A total of 145 patients and 55 healthy subjects were included in the pre-survey. Among these subjects, 20 patients completed the questionnaire again four days after first completing the questionnaire. Finally, completed questionnaires were collected from 130 patients and 52 healthy subjects. All 20 retest questionnaires were recovered. In the formal survey, a total of 530 questionnaires (400 patients with GC, 130 healthy subjects) were administered. Ultimately, completed questionnaires were collected from 364 patients with GC and 112 healthy subjects. A total of 45 patients with GC were retested, and all of the retest questionnaires were recovered. We compared baseline data of two groups using t-tests for continuous variables and chi-square tests for categorical variables. The results with the significance level set at P< 0.05 showed that the baseline data from patients with GC and from healthy subjects were all comparable.
The Conceptual Framework of the GC-PROM
The established conceptual framework included four domains, 13 subdomains. After the literature review and interviews with patients with GC, an initial pool of 79 items was developed. Based on the cognitive test and expert consultation, we deleted 14 items, added three items, and modified two items. Finally, conceptual framework included the scale contained 4 domains (physiological, psychological, social, and therapeutic domains), 13 subdomains (abdominal symptoms, systemic symptoms, physical state, independence, anxiety, depression, pessimism, fear, social support, social adaptation, effectiveness, satisfaction, compliance, and drug side effects), and 68 items.
Formation of the Initial and Final Scales through Two Item-selection Processes
Seven methods, including the SD, exploratory factor analysis, Cronbach’s alpha coefficient, retest reliability, correlation coefficient, distinction analysis, and IRT, were used to select items. Twenty-two items in the selected item pool were suggested for deletion by seven methods. Meanwhile practical meanings of 22 items were taken in account. Finally, a consensus was reached that these items should be deleted. In the second item-selection process, a formal investigation was conducted with the above reduced (i.e., 46 items) questionnaire. The items were again screened using the above seven methods and practical meanings. According to the results shown in Table 2, eight items were deleted.
Insert Table 2 here
Finally, the scale contained 4 domains, 13 subdomains, and 38 items (See Additional file 1). The structural framework of the final scale was shown in Table 3.
Evaluating the Properties of the GC-PROM
The final GC-PROM was evaluated for validity, reliability, and feasibility using data obtained from 364 patients with GC and 112 healthy subjects.
Evaluation of reliability
Cronbach’s alpha coefficients for the four domains and 13 subdomains were between 0.700 and 0.917. As was evident in these values, the GC-PROM demonstrated a good degree of internal consistency reliability.
Evaluation of validity
Content validity. To ensure that all the items appropriate, we assessed content validity by referring to the relevant previous literature. Face-to-face interviews were conducted with patients with GC to identify potential items. Meanwhile, we also consulted with experts for item refinement.
Construct validity. The indexes of fit for four domains (Root Mean Square Residual: 0.048-0.079; Normed Fit Index: 0.91-0.97; Bentler Comparative Fit Index: 0.91-0.98, incremental fit index: 0.91-0.98.) met the defined criteria, which were strongly suggested by the high factor loading. The results of confirmatory factor analysis appear in Table 4. The standardized factor loadings of 13 subdomains were greater than 0.5. Therefore, the construct validity was deemed satisfactory.
Insert Table 4 here
Discriminant validity. The results of discriminant validity are shown in Table 5. The results of discriminant validity (P values < 0.05) suggested that the GC-PROM was an appropriate instrument to distinguish between patients and healthy subjects.
Evaluation of feasibility
In this formal survey, the return and response rate of questionnaires were 93.40% and 96.16%, respectively. The average completing time was less than half an hour. No major floor or ceiling effects were found. The maximum proportion of participants who endorsed a single category for each item was less than 80%. Only 3.84% of the responses to individual items were missing.

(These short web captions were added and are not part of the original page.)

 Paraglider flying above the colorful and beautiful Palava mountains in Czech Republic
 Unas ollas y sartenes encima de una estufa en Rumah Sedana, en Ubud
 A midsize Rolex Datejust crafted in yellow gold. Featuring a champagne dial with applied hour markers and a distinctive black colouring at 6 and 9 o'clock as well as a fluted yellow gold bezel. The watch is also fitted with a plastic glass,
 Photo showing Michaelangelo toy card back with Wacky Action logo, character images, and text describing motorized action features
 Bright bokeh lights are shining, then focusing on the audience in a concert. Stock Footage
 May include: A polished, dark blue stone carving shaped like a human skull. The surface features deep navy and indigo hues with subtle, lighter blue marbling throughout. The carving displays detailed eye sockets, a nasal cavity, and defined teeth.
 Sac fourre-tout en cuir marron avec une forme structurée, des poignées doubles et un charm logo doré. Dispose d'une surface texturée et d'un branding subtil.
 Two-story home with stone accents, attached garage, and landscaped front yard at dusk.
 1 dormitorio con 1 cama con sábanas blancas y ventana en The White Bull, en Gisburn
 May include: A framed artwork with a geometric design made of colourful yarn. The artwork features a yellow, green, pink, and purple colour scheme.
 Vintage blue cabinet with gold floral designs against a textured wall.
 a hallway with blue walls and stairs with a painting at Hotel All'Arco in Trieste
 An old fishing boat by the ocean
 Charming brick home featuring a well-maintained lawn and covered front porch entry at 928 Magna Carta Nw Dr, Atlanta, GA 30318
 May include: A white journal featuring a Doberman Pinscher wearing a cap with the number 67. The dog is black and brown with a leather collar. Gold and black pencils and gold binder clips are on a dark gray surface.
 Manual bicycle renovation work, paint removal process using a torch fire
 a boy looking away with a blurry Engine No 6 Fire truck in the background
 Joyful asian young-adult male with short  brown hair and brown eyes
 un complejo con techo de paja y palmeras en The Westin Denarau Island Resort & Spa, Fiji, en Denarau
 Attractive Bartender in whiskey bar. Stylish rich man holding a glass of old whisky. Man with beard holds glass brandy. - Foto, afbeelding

We tested the missing questionnaire data using Little’s Missing Completely at Random Test. The test showed that the data were missing at random, and we filled them in using the Expectation-Maximization Algorithm.
From statistical results of Table MCID, the value of the MCID was greater when determined using the RCI than when it was determined using the SEM. Therefore, the value of MCID determined using the RCI was chosen as the final judgment. We finally identified the minimum clinical values of 4.14, 3.41, 3.37, and 3.28 in the physiological, psychological, social, and therapeutic domains, respectively.